TOPEKA — Gov. Laura Kelly vetoed Friday a bill granting tax breaks to business sought for years by corporate lobbyists, implementing a sales tax on out-of-state online transactions proposed by the governor and increasing the standard income tax deduction for filers.
Kelly, a Democrat, said the Republican-led Legislature continued to press for income tax changes that imposed irresponsible reductions on state revenue in the manner done in 2012 and 2013 by then-Gov. Sam Brownback.
“I have vetoed Senate Bill 50,” she said. “For very obvious reasons. I have lived through the Brownback tax experiment. I saw what irresponsible fiscal policy did to our state. It devastated our agencies. It undermined our social safety net. It required us to remove all funding for infrastructure programs. And, then, most obviously really underfunded our schools.”
This was the third time that Kelly had vetoed some provisions of tax reform sought by Republicans in the Legislature and lobbyists serving interests of business.
When the Legislature returns to Topeka in May, an attempt by the House and Senate to override the veto could be expected.
Under Senate Bill 50, the state would require collection of sales and compensating use tax by so-called marketplace facilitators such as Amazon starting July 1. The measure would apply to out-of-state businesses with annual gross receipts on sales into Kansas of more than $100,000.
The bill granted individual income taxpayers in Kansas the option of itemizing on federal income tax filings while taking the standard deduction for state income tax purposes.

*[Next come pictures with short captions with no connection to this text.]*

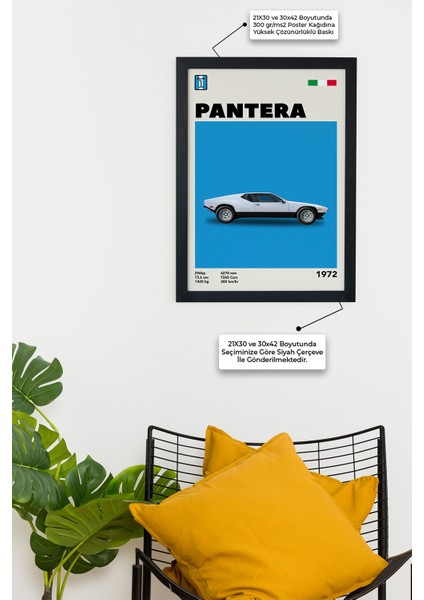 Pantera 1972 Model V1 Car Serie Özel Tasarım Siyah Çerçeveli Tablo Poster fiyatları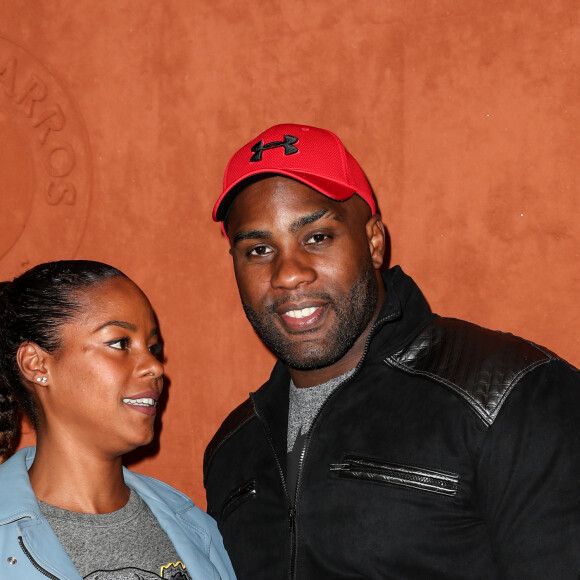 Teddy Riner, sa compagne Luthna Plocus au village lors des internationaux de tennis de Roland Garros 2019 à Paris, France, le 5 juin 2019. © Jacovides-Moreau / Bestimage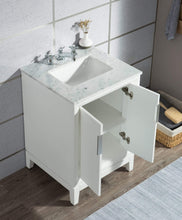 Load image into Gallery viewer, Water Creation Vanity Water Creation EL30CW01PW-R21BX0901 Elizabeth 30-Inch Single Sink Carrara White Marble Vanity In Pure White With Matching Mirror(s) and F2-0009-01-BX Lavatory Faucet(s)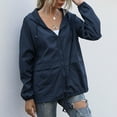 thumbnail image 5 of Cheers.US Rain Jacket Women Striped Lined Hooded Lightweight Raincoat Outdoor Waterproof Windbreaker, 5 of 7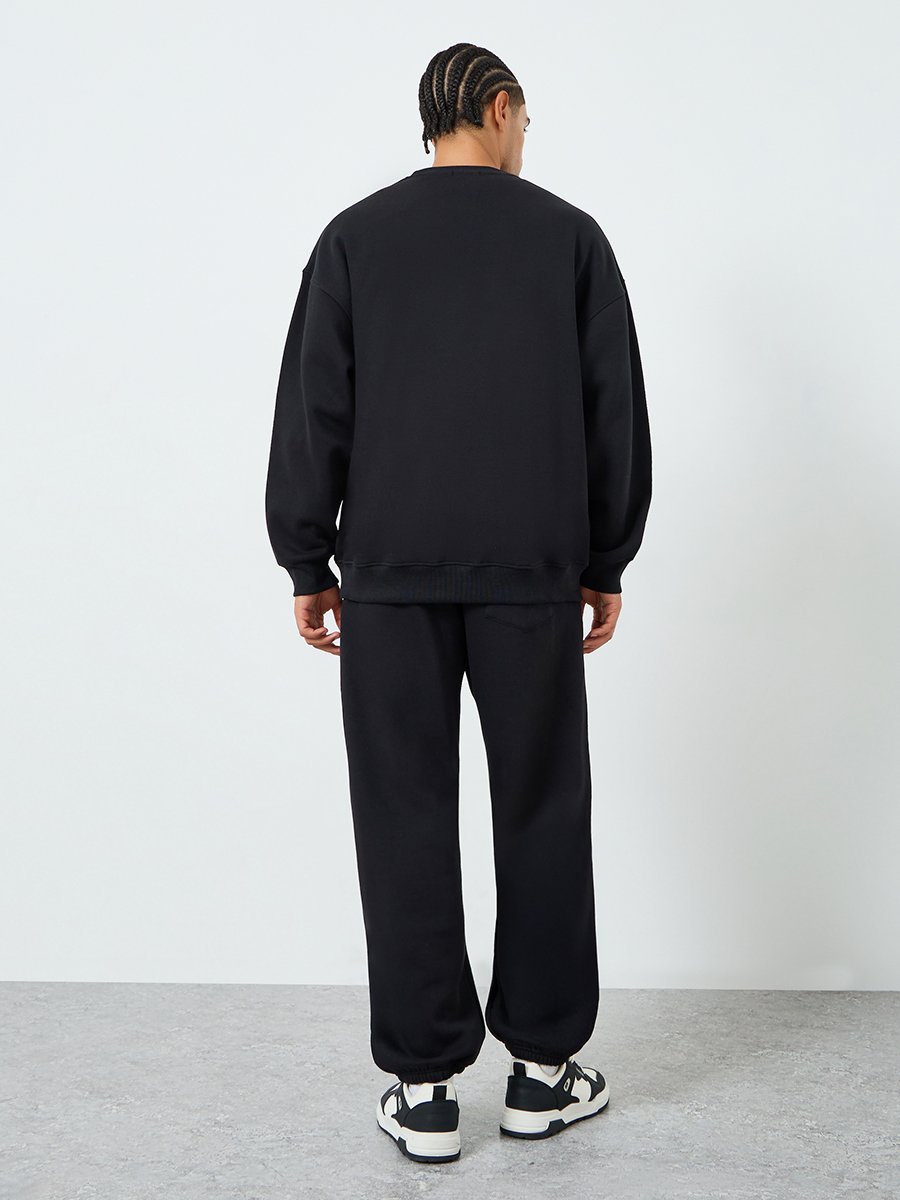 Men Boxy Printed Sweatshirt and Joggers Co_Ords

In addition, the standard deduction for Kansas filers starting in tax year 2021 would increase to $3,500 from $3,000 for individuals, to $6,000 from $5,500 for single head-of-household filers and to $8,000 from $7,500 for married filers filing jointly.
Corporations that held income offshore would be exempt from state income tax when that cash was brought into Kansas. The legislation also enabled meal expenditures to again be deducted as business expenses beginning in tax year 2021.

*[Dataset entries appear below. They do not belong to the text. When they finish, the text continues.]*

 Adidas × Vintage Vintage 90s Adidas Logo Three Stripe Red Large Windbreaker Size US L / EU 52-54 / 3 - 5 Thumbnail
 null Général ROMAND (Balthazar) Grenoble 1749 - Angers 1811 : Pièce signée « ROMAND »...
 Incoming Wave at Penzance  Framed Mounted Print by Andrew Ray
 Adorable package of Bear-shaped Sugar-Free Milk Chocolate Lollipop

The bill clarified victims of identity theft in Kansas would owe no individual income tax on unemployment compensation fraudulently obtained by someone else.
The state’s tax revenue estimators are scheduled to reconvene later this month to recalculate how much money the state could be expected to collect in property, income and sales tax during the remainder of the current fiscal year as well as the next. These projections will be used by the Legislature to put finishing touches on a new budget and consider anew provisions of tax reform.
The vetoed bill could have added up to a $285 million reduction in annual revenue to the state government. Another issue to consider would be the unexpected $359 million loss in state revenue due to tax exemptions on $6.6 billion that flowed to businesses from federal Paycheck Protection Program.
Another concern for the governor was the Legislature has yet to renew the 20-mill property tax levy that delivers about $725 million annually in funding for K-12 public education. The Legislature is holding the school funding hostage in an attempt to gain traction for a separate bill that could diminish property tax revenue state, county and city governments.